• RECORD EXTRACTS:
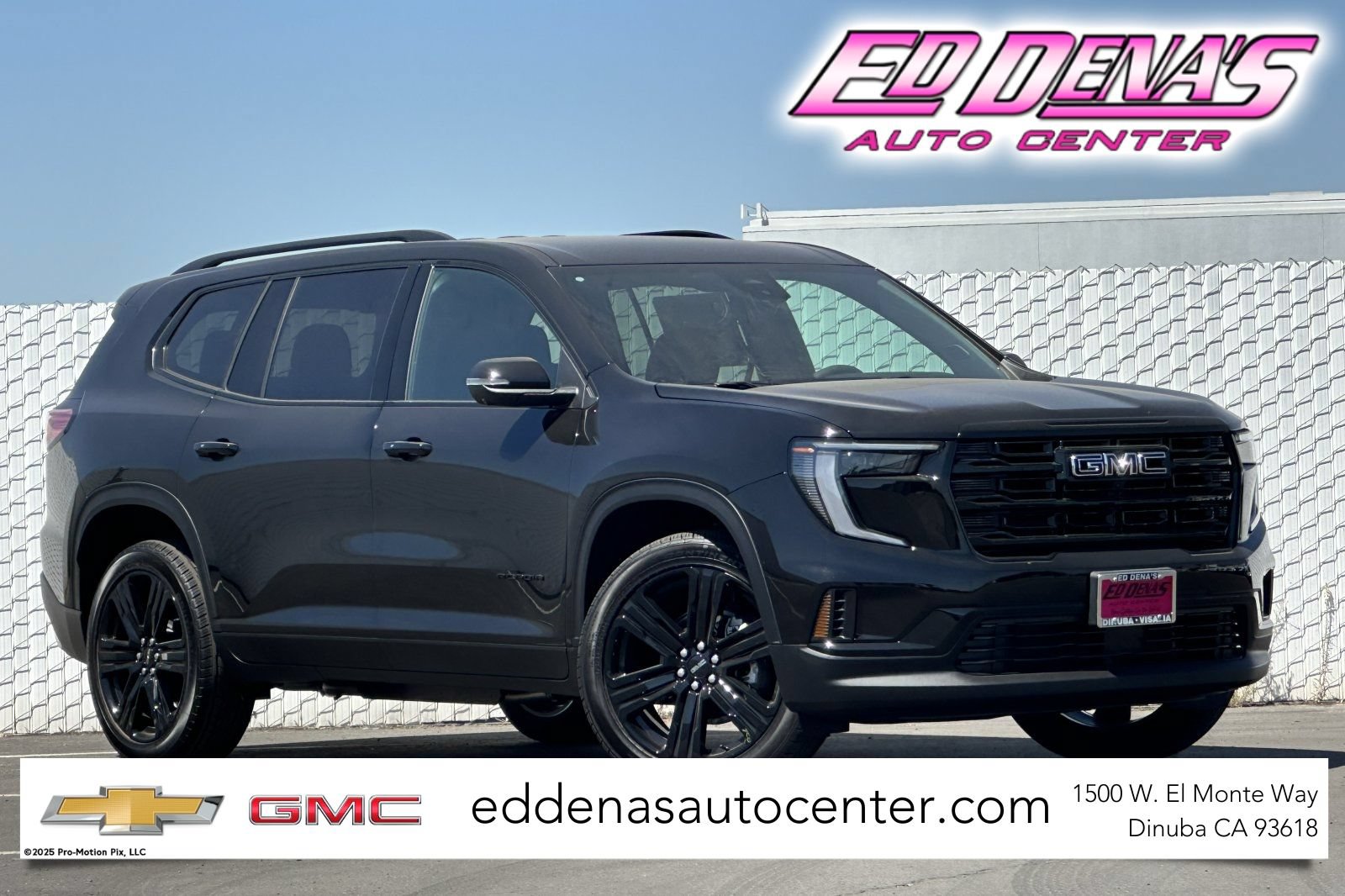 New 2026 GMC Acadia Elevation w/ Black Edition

...

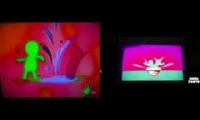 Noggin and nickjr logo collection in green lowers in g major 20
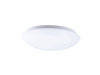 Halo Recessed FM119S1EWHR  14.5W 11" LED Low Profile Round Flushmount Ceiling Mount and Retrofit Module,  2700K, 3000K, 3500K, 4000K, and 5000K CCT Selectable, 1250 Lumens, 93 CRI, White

...

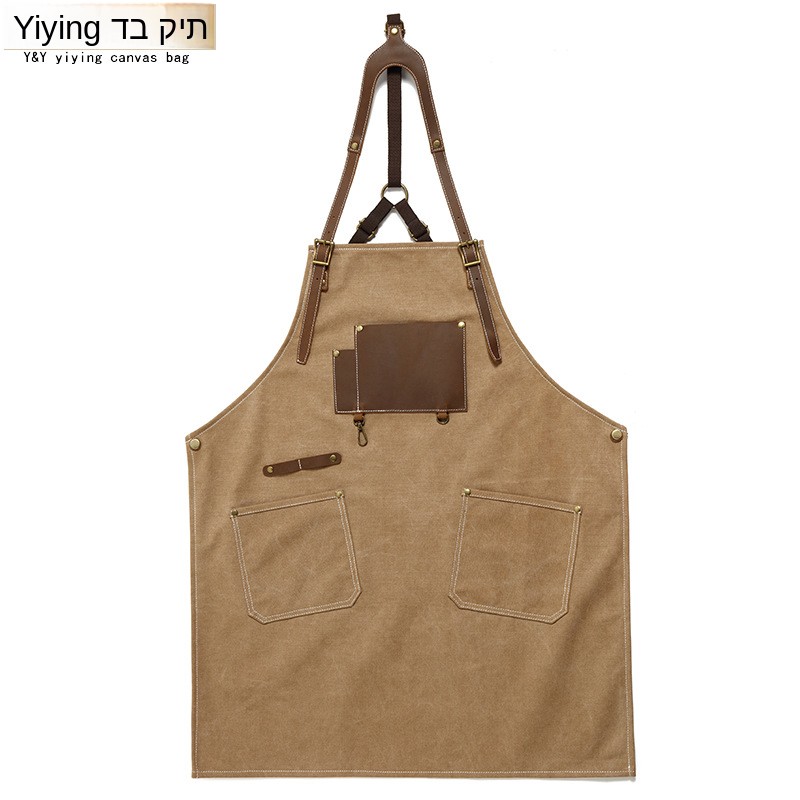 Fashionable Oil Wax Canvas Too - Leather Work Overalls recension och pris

• EXERCISE: Using the listing above, reproduce word for word every line from the one containing "Noggin and nickjr" through the one containing "Halo Recessed FM119S1EWHR". Pictures must be left out.

• SOLUTION TO THIS PROBLEM:
 Noggin and nickjr logo collection in green lowers in g major 20
 Halo Recessed FM119S1EWHR  14.5W 11" LED Low Profile Round Flushmount Ceiling Mount and Retrofit Module,  2700K, 3000K, 3500K, 4000K, and 5000K CCT Selectable, 1250 Lumens, 93 CRI, White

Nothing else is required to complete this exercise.